Invited Research Talks

Note: conference talks are not included here, and they can be found on the publication page.

  1. "Why Does Deep Learning Perform Deep Learning".

Despite the success of deep learning, from a theoretical standpoint, it remains absurdly unclear why deep learning is better than shallow learning. The main difficulty comes from that we do not actually know how the network features at intermediate layers are learned hierarchically. Why does the first layer learn edges, the second layer learn textures, the third layer learn patterns? Or, do they? (Spoiler alert, not really.)

We present a theory towards explaining how hierarchical feature learning is done, by breaking the learning process into three principles: forward feature learning, backward feature correction, and feature purification. They together show how network features evolve during the training process, and elegantly match what happen in real world deep learning tasks.

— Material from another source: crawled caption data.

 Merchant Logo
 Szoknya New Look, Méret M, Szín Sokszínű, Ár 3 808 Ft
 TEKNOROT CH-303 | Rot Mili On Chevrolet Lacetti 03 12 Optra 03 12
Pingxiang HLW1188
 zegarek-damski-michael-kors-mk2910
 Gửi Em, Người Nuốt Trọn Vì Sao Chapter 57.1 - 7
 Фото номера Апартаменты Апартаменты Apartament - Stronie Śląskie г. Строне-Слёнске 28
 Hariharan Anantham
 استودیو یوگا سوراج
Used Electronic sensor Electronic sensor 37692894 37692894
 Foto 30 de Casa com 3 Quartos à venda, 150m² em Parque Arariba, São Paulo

On the technical side, we give (1) the first theory showing that deep learning can be time efficient on certain learning tasks, where NO KNOWN shallow learning algorithms are efficient; and (2) the first theory showing how adversarial training of a neural network can lead to provably robust models, when low-complexity models such as linear models MUST be vulnerable to adversarial attacks even with infinite training data.

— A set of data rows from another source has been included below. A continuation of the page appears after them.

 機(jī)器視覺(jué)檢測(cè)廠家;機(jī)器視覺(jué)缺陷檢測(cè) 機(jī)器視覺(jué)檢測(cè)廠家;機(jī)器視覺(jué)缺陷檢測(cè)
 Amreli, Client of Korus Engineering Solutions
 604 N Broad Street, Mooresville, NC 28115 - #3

MSR AI Seminar Aug/11/2020
  1. "Contemporary Theory of Deep Learning".

We will present an accessible overview of recent advances on theory of deep learning. For example, we will try to address the following questions:

  1. How does SGD find global minima efficiently when training non-convex, non-smooth networks?
  2. What classes of functions can neural networks provably learn?
  3. Why do overparameterized networks generalize?
  4. Do neural networks provably generalize better than traditional kernel methods (including neural tangent kernel)?

MSR AI Seminar
Baidu Research
  1. "Nearly Linear-Time Packing and Covering LP Solvers".

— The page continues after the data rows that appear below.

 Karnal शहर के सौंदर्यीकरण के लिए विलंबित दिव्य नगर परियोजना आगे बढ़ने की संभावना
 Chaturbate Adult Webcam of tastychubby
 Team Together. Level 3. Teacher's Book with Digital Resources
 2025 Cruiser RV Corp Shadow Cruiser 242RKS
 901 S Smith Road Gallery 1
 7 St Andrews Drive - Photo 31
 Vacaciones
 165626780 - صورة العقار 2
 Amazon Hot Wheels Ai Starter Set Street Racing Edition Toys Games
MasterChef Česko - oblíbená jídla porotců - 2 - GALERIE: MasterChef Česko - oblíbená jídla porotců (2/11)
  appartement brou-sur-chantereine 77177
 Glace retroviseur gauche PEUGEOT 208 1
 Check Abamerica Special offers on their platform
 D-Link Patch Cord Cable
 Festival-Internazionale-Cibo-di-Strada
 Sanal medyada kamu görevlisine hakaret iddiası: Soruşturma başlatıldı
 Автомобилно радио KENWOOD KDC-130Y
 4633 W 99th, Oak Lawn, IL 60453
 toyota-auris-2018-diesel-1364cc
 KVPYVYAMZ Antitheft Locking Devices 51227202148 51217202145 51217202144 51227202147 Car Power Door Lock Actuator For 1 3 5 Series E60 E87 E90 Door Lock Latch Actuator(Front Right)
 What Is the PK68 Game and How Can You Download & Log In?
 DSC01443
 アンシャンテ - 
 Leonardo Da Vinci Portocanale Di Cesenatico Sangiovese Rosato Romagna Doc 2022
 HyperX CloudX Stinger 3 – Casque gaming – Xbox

Packing and covering linear programs (PC-LPs) form an important class of LPs across computer science, operations research, and optimization. In 1993, Luby and Nisan constructed an iterative algorithm for approximately solving PC-LPs in nearly linear time, where the time complexity scales nearly linearly in N, the number of nonzero entries of the matrix, and polynomially in e, the (multiplicative) approximation error.

Unfortunately, existing nearly linear-time algorithms [4, 10, 23, 31, 35, 36] for solving PC-LP s require time at least proportional to 1/e^2. In this paper, we break this longstanding barrier by designing a solver that runs in time O(N/e).

Joint work with Lorenzo Orecchia

MIT Mar/02/2018
  1. "How to Swing By Saddle Points: Faster Non-Convex Optimization Than SGD".

The diverse world of deep learning research has given rise to thousands of architectures for neural networks. However, to this date, the underlying training algorithms for neural networks are still stochastic gradient descent (SGD) and its heuristic variants.

In this talk, we present a new stochastic algorithm to train any smooth neural network to \(\varepsilon\)-approximate local minima, using \(O(\varepsilon^{-3.25})\) backpropagations. The best provable result was \(O(\varepsilon^{-4})\) by SGD before this work.

More broadly, it finds \(\varepsilon\)-approximate local minima of any smooth nonconvex function using only \(O(\varepsilon^{-3.25})\) stochastic gradient computations

University of Washington
Princeton University
NY Academy of Science
  1. "Optimal Experimental Design via A New Regret Minimization Framework".

The experimental design problem concerns the selection of \(k\) points from a potentially very large design pool of \(p\)-dimensional vectors, so as to maximize the statistical efficiency regressed on the selected \(k\) design points.

We achieve \(1+\varepsilon\) approximations to all popular optimality criteria for this problem, including A-optimality, D-optimality, T-optimality, E-optimality, V-optimality and G-optimality, with only \(k = O(p/\varepsilon^2)\) design points.

In contrast, to the best of our knowledge, previously (1) no polynomial-time algorithm exists for achieving any \(1+\varepsilon\) approximations for D/T/E/G-optimality, and (2) the algorithm achieving \(1+\varepsilon\) approximation for A/V-optimality require \(k \geq \Omega(p^2/\varepsilon)\).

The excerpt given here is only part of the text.